Could you write out the records below exactly as they appear, leaving out any pictures?

— Brief descriptive captions —
****************

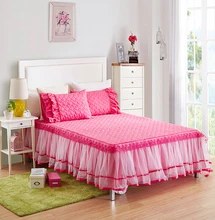 SunnyRain 3-pièces Dentelle Quited Lit Ensemble De Draps de Lit de Couleur Unie feuilles Avec Élastique Ensemble de Literie Queen Size Roi Lit Ensemble sabanas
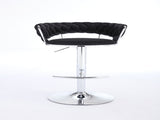 Set of 2 Bar Stools,with Chrome Footrest and Base Swivel Height Adjustable Mechanical Lifting Velvet 06163540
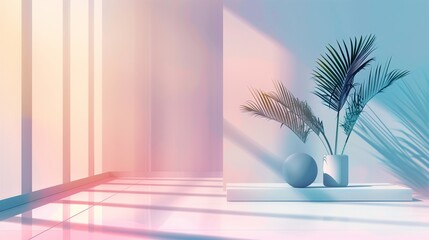 Aesthetic and beautiful minimalism architecture background featuring clean lines, neutral colors, and design elements, perfect for video calls or online meetings, creating professional atmosphere.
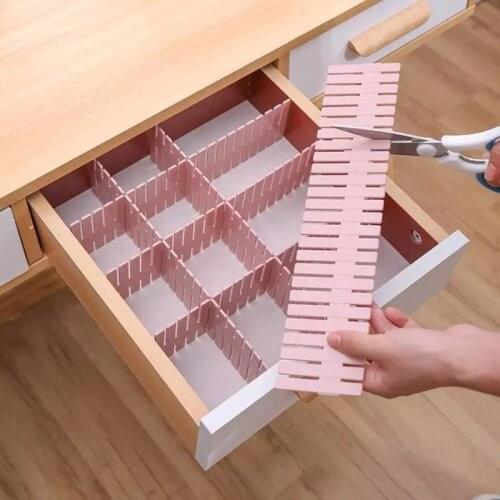 4PCS DIY Adjustable Drawer Divider Storage Shelves Household Free Combination Partition Board Space-saving Division Separator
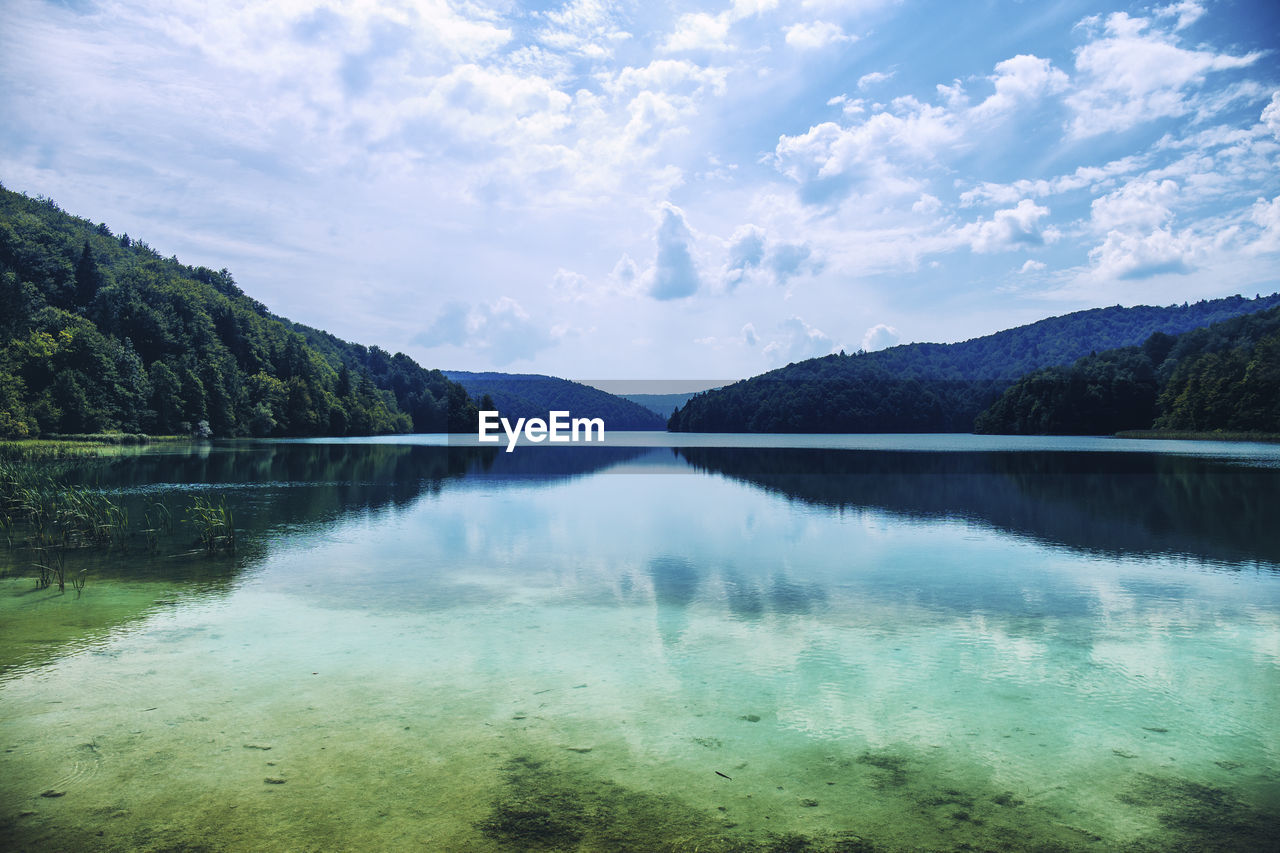 Scenic view of lake against sky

****************

— Expected output —
 SunnyRain 3-pièces Dentelle Quited Lit Ensemble De Draps de Lit de Couleur Unie feuilles Avec Élastique Ensemble de Literie Queen Size Roi Lit Ensemble sabanas
 Set of 2 Bar Stools,with Chrome Footrest and Base Swivel Height Adjustable Mechanical Lifting Velvet 06163540
 Aesthetic and beautiful minimalism architecture background featuring clean lines, neutral colors, and design elements, perfect for video calls or online meetings, creating professional atmosphere.
 4PCS DIY Adjustable Drawer Divider Storage Shelves Household Free Combination Partition Board Space-saving Division Separator
 Scenic view of lake against sky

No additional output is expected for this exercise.